Content Warning: This section contains discussion of death and suicide.

Pages 73-78 Summary

Urrutia returns to find Chile embroiled in political turmoil. He resolves that it is time to be practical and stand for his country. Following the presidential election of the socialist politician, Salvador Allende, Urrutia commiserates with Farewell at the latter’s house. Farewell, now 80, is showing his age and has stopped making advances on Urrutia. Farewell tries and fails to reach by phone Neruda and Nicanor Parra (Chile’s second-most famous poet). Urrutia and Farewell drink for hours before Farewell passes out and Urrutia returns home.

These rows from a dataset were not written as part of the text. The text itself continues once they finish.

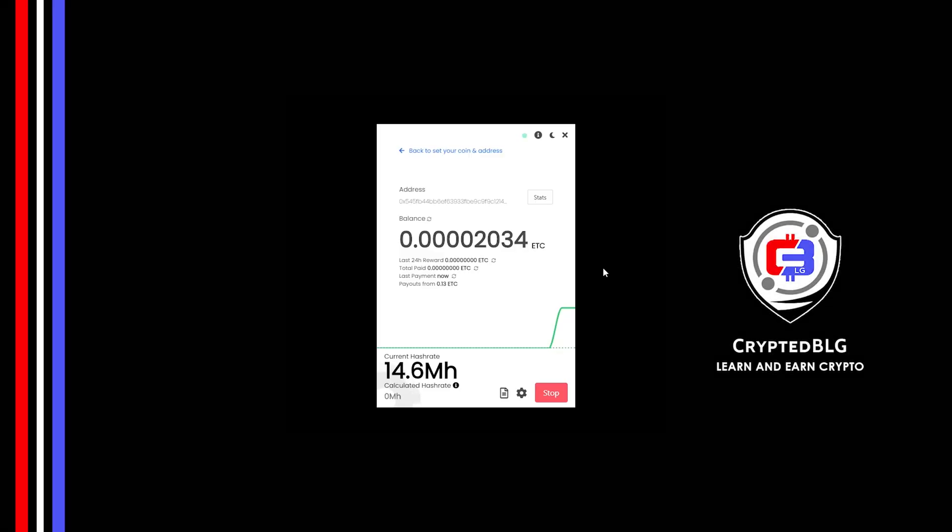In this video I am going to show you how to mine Ethereum Classic, so let's roll that intro.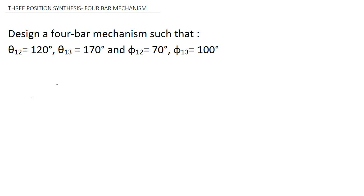Today we are going to discuss how to design or synthesize a four-bar mechanism with the help of three given positions. Here is the question: design a four-bar mechanism such that θ12 = 120°, θ13 = 170°, φ12 = 70°, and φ13 = 100°.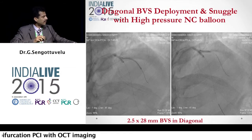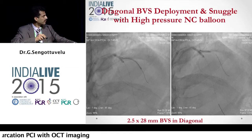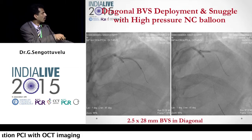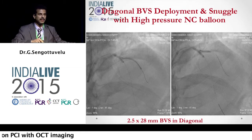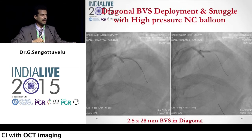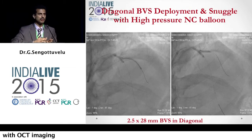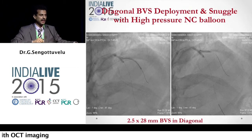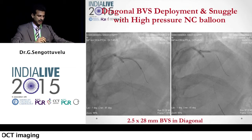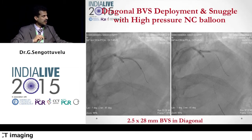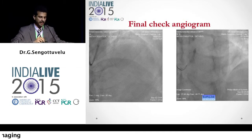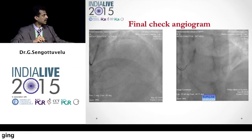The point here is that we used a snuggle balloon dilatation, wherein we have not overlapped the balloons, so that the traditional kissing balloon is avoided when using an absorb scaffold — respecting the rules of not over-expanding beyond the recommended limits. Once we deployed the absorb in the diagonal, we did a high-pressure snuggle using two short non-compliant balloons, going up to 20 to 24 atmospheres.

Fatalistic about the country’s political direction, Urrutia buries himself in the Greek classics. Starting with Homer, he reads his way through the entire Greek canon as Chile normalizes relations with Cuba and nationalizes major industries, Neruda wins the Nobel Prize for literature, and politicians left and right are assassinated. Inflation and shortages plague Chile, the government expropriates estates (including Farewell’s Là-bas), and violence rocks the country. Urrutia reads Thucydides’s History of the Peloponnesian War. Finally, Urrutia reads Aristotle and Plato as one of Allende’s cabinet members is assassinated, half a million march in support of Allende, General Pinochet leads a successful coup, and Allende dies, apparently by suicide. Finally at peace, Urrutia stops reading.